» SUPPLIED RECORDS:
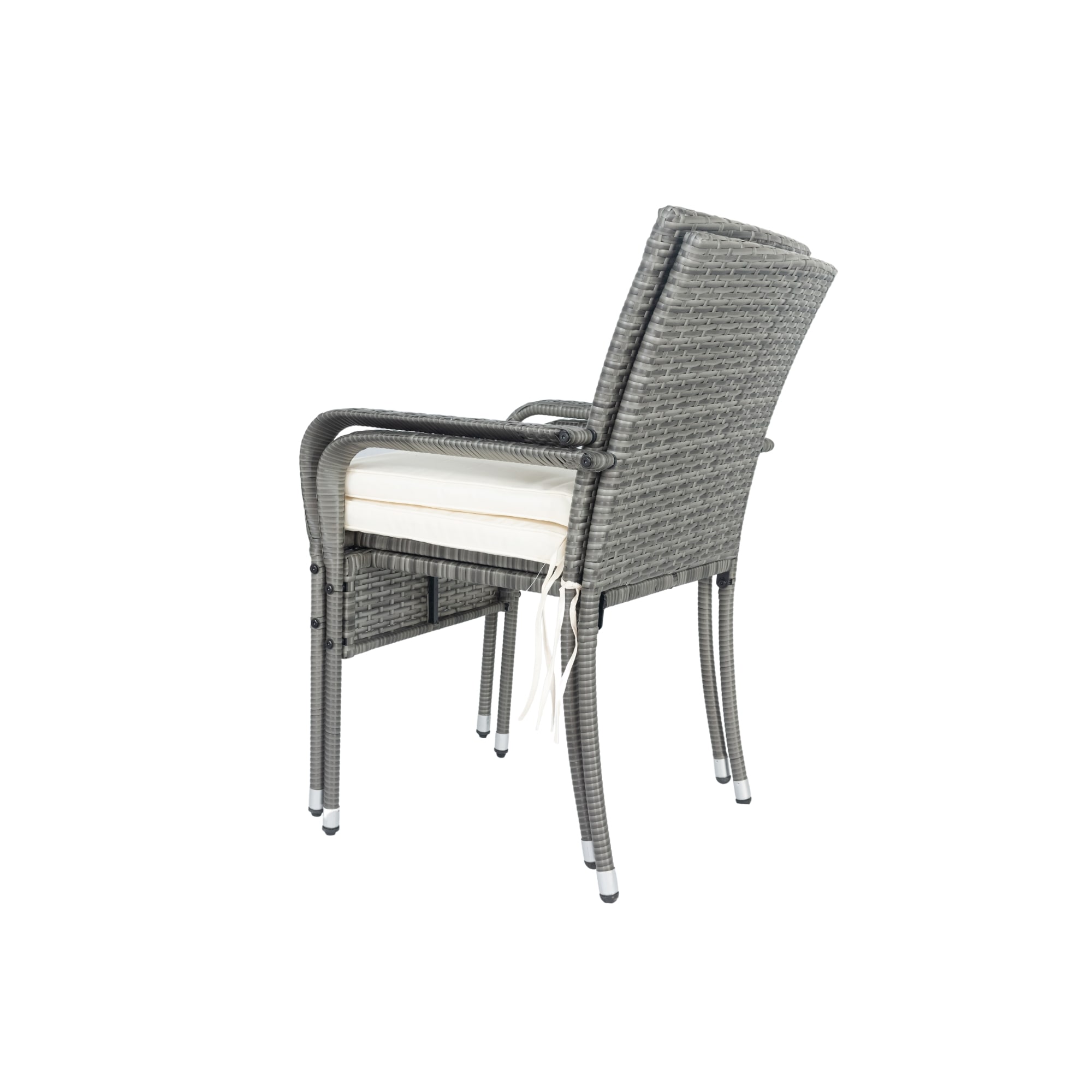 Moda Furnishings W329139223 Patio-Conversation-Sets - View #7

--

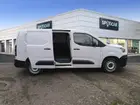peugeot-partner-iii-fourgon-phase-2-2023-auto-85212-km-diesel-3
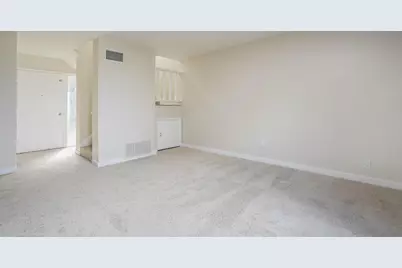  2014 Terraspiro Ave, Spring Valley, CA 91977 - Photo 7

» EXERCISE DIRECTIONS:
Though the entries above contain pictures, none should be copied; reproduce only the lines between the one holding "peugeot-partner-iii-fourgon-phase-2-2023-auto-85212-km-diesel-3" and the one holding "2014 Terraspiro Ave, Spring", inclusive, exactly as written.

» REPLY TO THE EXERCISE:
peugeot-partner-iii-fourgon-phase-2-2023-auto-85212-km-diesel-3
  2014 Terraspiro Ave, Spring Valley, CA 91977 - Photo 7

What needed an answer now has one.